(Stored data entries)
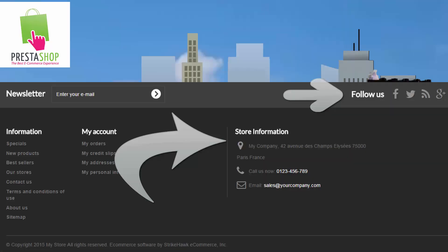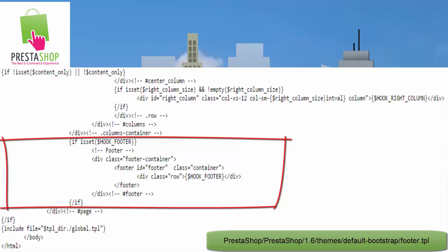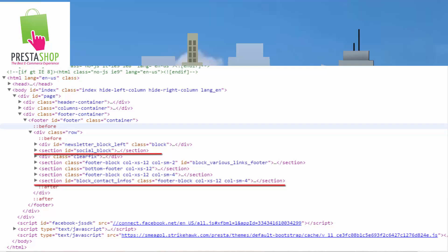In PrestaShop Block 1.6, there are two locations in the footer that you can populate your store contact information and social profiles. This is generated through the Smarty template using the if conditional and using a loop, as you can see here. This is a review of the rendered source, and you can see that there is a section for the social block and a section for the block contact infos.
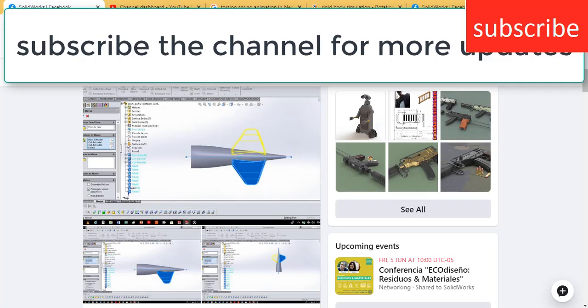Namaste guys. In this video, I am going to tell you some basic errors faced by beginners in SOLIDWORKS and how to rectify them.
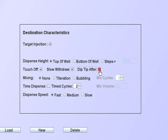The dip-after function allows the tip to go back down into the dispensed liquid to touch-off clinging drops. These are special functions that are available if a situation can benefit from their use.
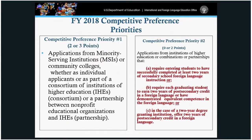For 2018, UISFL has two competitive preference priorities. For priority number one, we will award either two or three points. If an MSI or community college is the single applicant or the lead applicant in a consortium, the application receives three points. If an MSI or community college is a member of a consortium but not the lead, you receive two additional points.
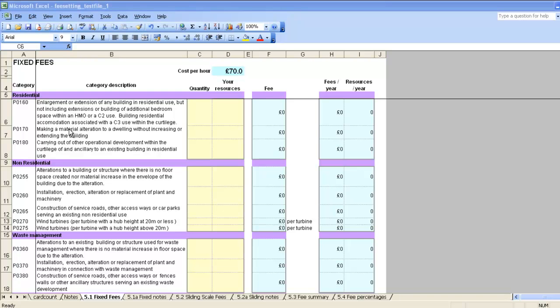Hello, my name is Richard from PaaS and in this video we're going to be looking at completing the Quantity column in your Benchmarking workbook.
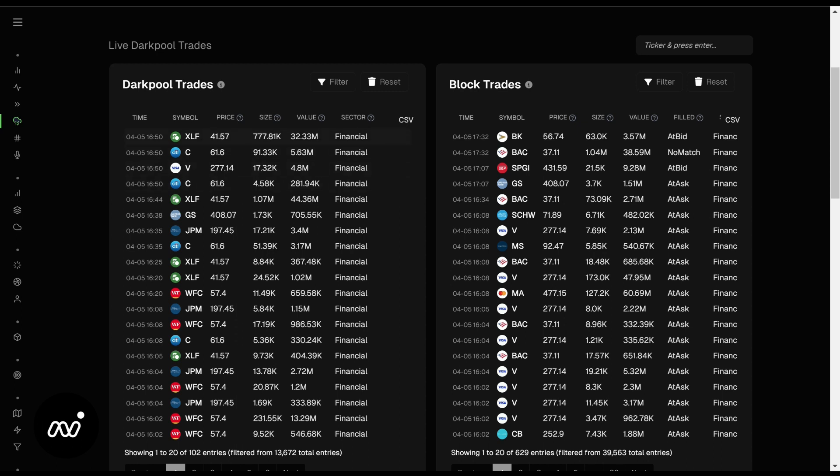So there's a $32 million dark pool print here at $41.57 on XLF. Instead of thinking and trying to find out, gosh, is that bull or is that bear? What you really want to do is just mark this big level on your chart and see what happens with price around it. It's very simple.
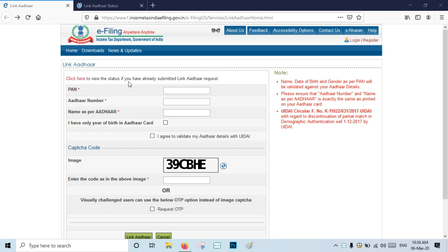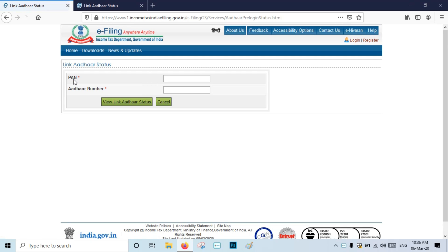Click here to check the status of your already submitted link. If you have any information, you can link it. Click the PAN card and the Aadhaar number. Click View link status. You can use this option to link before the deadline of March 30th.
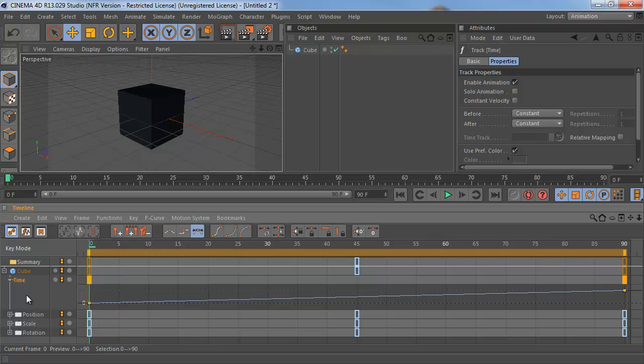At the moment, this track is not affecting anything. In order for it to affect something, we have to assign this time track to different animation tracks. So say we want to apply it to the position of our object.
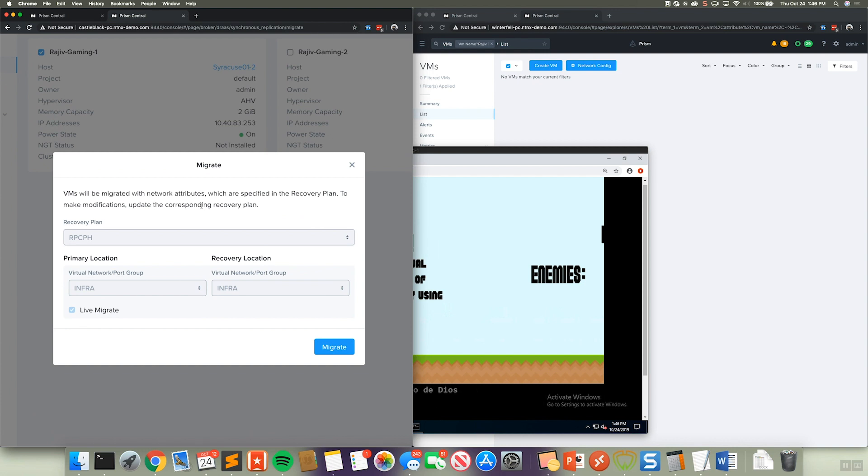And this will bring up the migrate dialog box. Now, as you can see, obviously we do network mapping, which is inherited by the recovery plan. And you'll see this check box for live migration is checked. So essentially it knows that it is a synchronous protected virtual machine. So in that case, we can actually do a pure live migration. So that looks good. So let's go ahead and click on migrate.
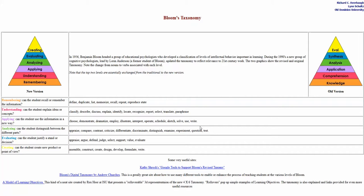Now it does make sense, say when I teach an introductory to psychology course, it might be for a hundred level course to have more in the remembering and understanding and applying. That might make a bit more sense.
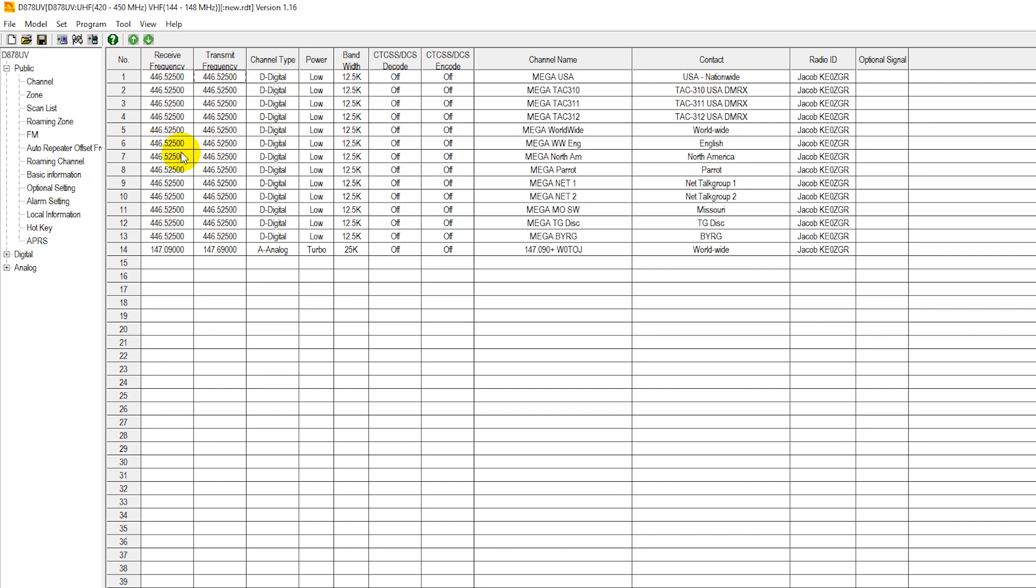So these are the differences between programming analog and digital channels and some of the lingo that you'll hear being used on the DMR repeaters, and if you have a hotspot on your hotspot as well. Which color code are you on? Which talk group are you on? And also which time slot are you on? And there we have it. Again, my name is Sebastian KB0TTL. Thank you for watching. If you liked today's video, be sure to like us on Facebook and subscribe to our YouTube channel. 73.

DESCRIPTION OF THE TASK:
Line for line, output the entries above from the line with "Click here to" to the line with "At the moment, this", both included, and nothing more. Skip pictures.

RESPONSE TO THIS EXERCISE:
Click here to check the status of your already submitted link. If you have any information, you can link it. Click the PAN card and the Aadhaar number. Click View link status. You can use this option to link before the deadline of March 30th.
At the moment, this track is not affecting anything. In order for it to affect something, we have to assign this time track to different animation tracks. So say we want to apply it to the position of our object.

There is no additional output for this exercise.